[Excerpted data]

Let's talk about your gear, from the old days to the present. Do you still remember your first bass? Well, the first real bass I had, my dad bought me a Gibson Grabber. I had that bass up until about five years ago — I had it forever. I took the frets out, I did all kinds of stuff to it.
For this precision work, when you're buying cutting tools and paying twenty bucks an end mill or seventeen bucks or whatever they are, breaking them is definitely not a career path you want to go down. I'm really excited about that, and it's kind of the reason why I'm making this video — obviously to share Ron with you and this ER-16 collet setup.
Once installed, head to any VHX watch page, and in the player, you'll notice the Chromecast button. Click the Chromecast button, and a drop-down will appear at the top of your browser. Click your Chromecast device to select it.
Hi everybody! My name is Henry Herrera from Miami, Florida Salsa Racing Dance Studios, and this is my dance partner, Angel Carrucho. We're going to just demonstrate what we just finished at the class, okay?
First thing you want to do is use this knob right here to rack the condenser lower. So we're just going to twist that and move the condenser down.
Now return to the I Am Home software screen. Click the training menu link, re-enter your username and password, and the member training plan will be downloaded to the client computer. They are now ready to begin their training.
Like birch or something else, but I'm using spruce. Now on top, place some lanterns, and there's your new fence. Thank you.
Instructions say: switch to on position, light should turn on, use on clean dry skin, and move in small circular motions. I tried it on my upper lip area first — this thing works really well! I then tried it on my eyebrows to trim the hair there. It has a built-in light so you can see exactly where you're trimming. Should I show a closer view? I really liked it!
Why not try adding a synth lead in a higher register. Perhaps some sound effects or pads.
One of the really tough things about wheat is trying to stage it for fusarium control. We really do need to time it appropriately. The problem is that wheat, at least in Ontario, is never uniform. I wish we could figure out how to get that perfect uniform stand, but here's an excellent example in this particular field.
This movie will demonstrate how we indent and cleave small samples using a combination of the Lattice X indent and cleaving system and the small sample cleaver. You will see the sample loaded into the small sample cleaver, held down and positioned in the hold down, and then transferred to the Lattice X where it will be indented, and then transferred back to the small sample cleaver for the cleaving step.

[/Excerpted data]

## What is required
Each record above needs to be given again exactly as written.

## Exercise solution
Let's talk about your gear, from the old days to the present. Do you still remember your first bass? Well, the first real bass I had, my dad bought me a Gibson Grabber. I had that bass up until about five years ago — I had it forever. I took the frets out, I did all kinds of stuff to it.
For this precision work, when you're buying cutting tools and paying twenty bucks an end mill or seventeen bucks or whatever they are, breaking them is definitely not a career path you want to go down. I'm really excited about that, and it's kind of the reason why I'm making this video — obviously to share Ron with you and this ER-16 collet setup.
Once installed, head to any VHX watch page, and in the player, you'll notice the Chromecast button. Click the Chromecast button, and a drop-down will appear at the top of your browser. Click your Chromecast device to select it.
Hi everybody! My name is Henry Herrera from Miami, Florida Salsa Racing Dance Studios, and this is my dance partner, Angel Carrucho. We're going to just demonstrate what we just finished at the class, okay?
First thing you want to do is use this knob right here to rack the condenser lower. So we're just going to twist that and move the condenser down.
Now return to the I Am Home software screen. Click the training menu link, re-enter your username and password, and the member training plan will be downloaded to the client computer. They are now ready to begin their training.
Like birch or something else, but I'm using spruce. Now on top, place some lanterns, and there's your new fence. Thank you.
Instructions say: switch to on position, light should turn on, use on clean dry skin, and move in small circular motions. I tried it on my upper lip area first — this thing works really well! I then tried it on my eyebrows to trim the hair there. It has a built-in light so you can see exactly where you're trimming. Should I show a closer view? I really liked it!
Why not try adding a synth lead in a higher register. Perhaps some sound effects or pads.
One of the really tough things about wheat is trying to stage it for fusarium control. We really do need to time it appropriately. The problem is that wheat, at least in Ontario, is never uniform. I wish we could figure out how to get that perfect uniform stand, but here's an excellent example in this particular field.
This movie will demonstrate how we indent and cleave small samples using a combination of the Lattice X indent and cleaving system and the small sample cleaver. You will see the sample loaded into the small sample cleaver, held down and positioned in the hold down, and then transferred to the Lattice X where it will be indented, and then transferred back to the small sample cleaver for the cleaving step.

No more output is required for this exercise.